INFORMATION SUPPLIED:
Start of Block
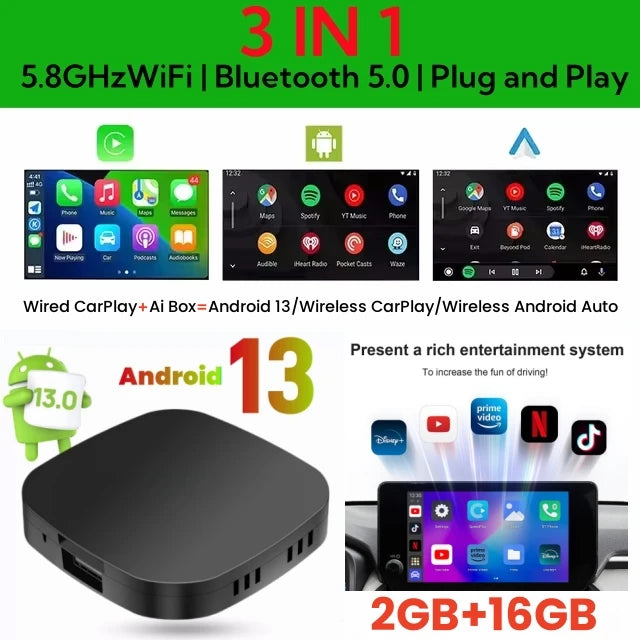 Wireless CarPlay AI Box | Android Auto & In-Car Streaming - image 8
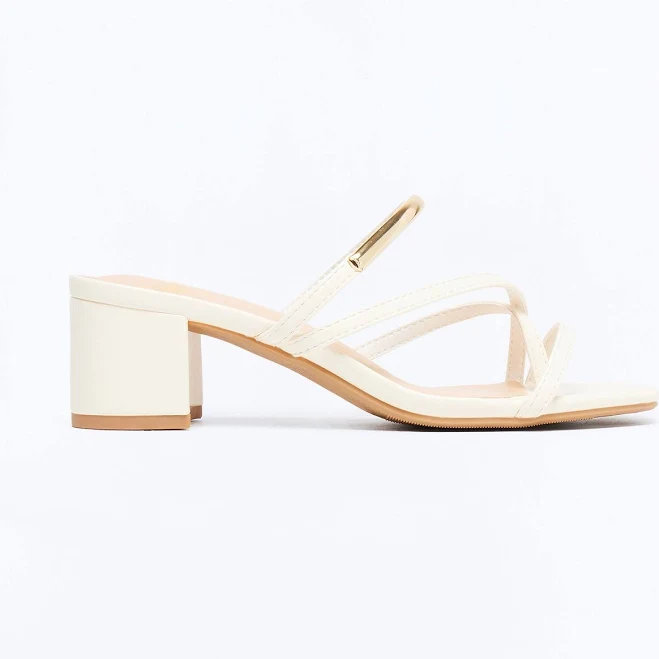 shoes Fashion Nova Women's Livia Block Heel Mules Fashion Nova $20.99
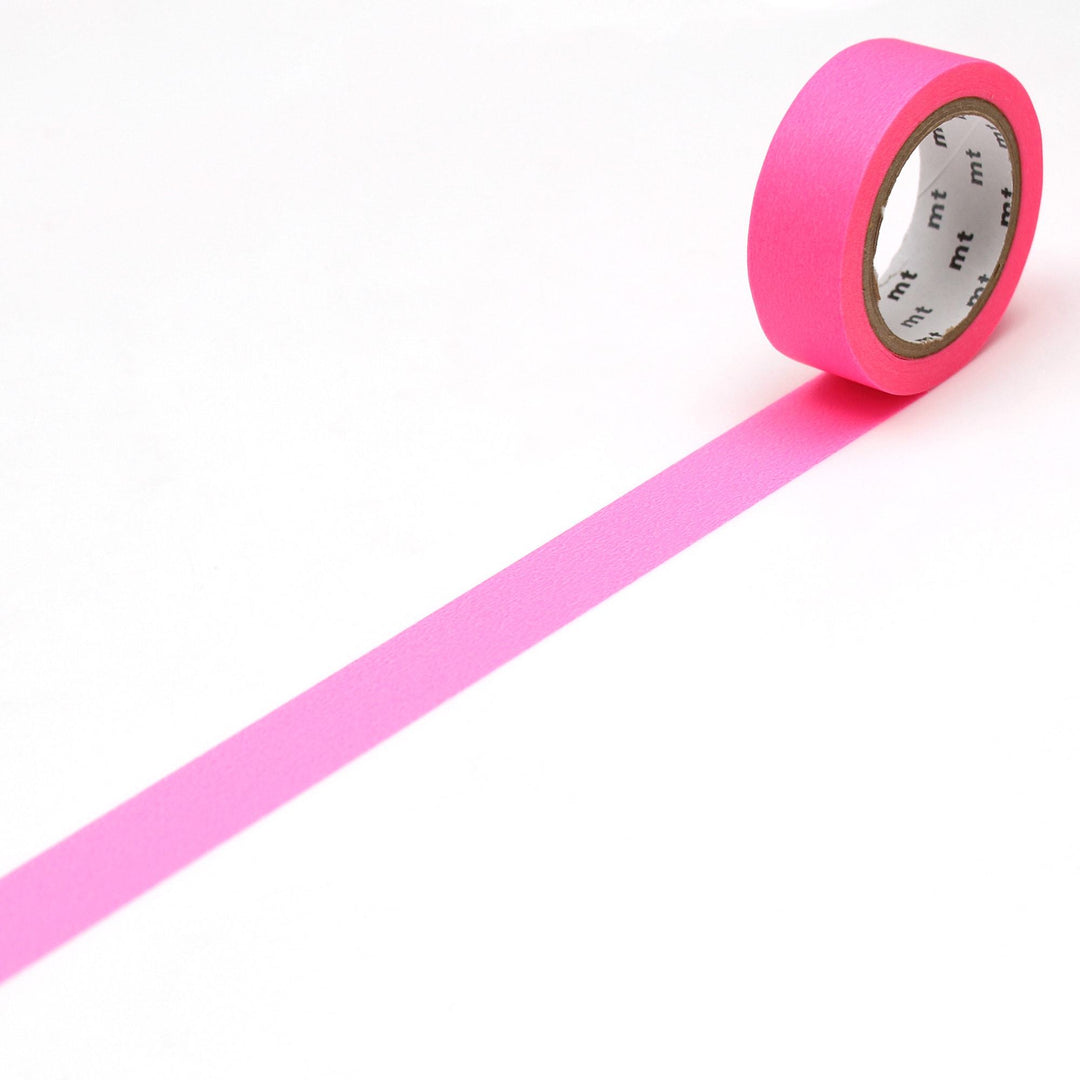 MT Basic Washi Tape Shocking Pink 7m, MT Tape, Washi Tape, mt-basic-washi-tape-shocking-pink-7m, 7m, Pink, Cityluxe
End of Block
WORK INSTRUCTIONS:
Give back the whole listing exactly as it stands. Drop every picture.

TASK RESULT:
 Wireless CarPlay AI Box | Android Auto & In-Car Streaming - image 8
 shoes Fashion Nova Women's Livia Block Heel Mules Fashion Nova $20.99
 MT Basic Washi Tape Shocking Pink 7m, MT Tape, Washi Tape, mt-basic-washi-tape-shocking-pink-7m, 7m, Pink, Cityluxe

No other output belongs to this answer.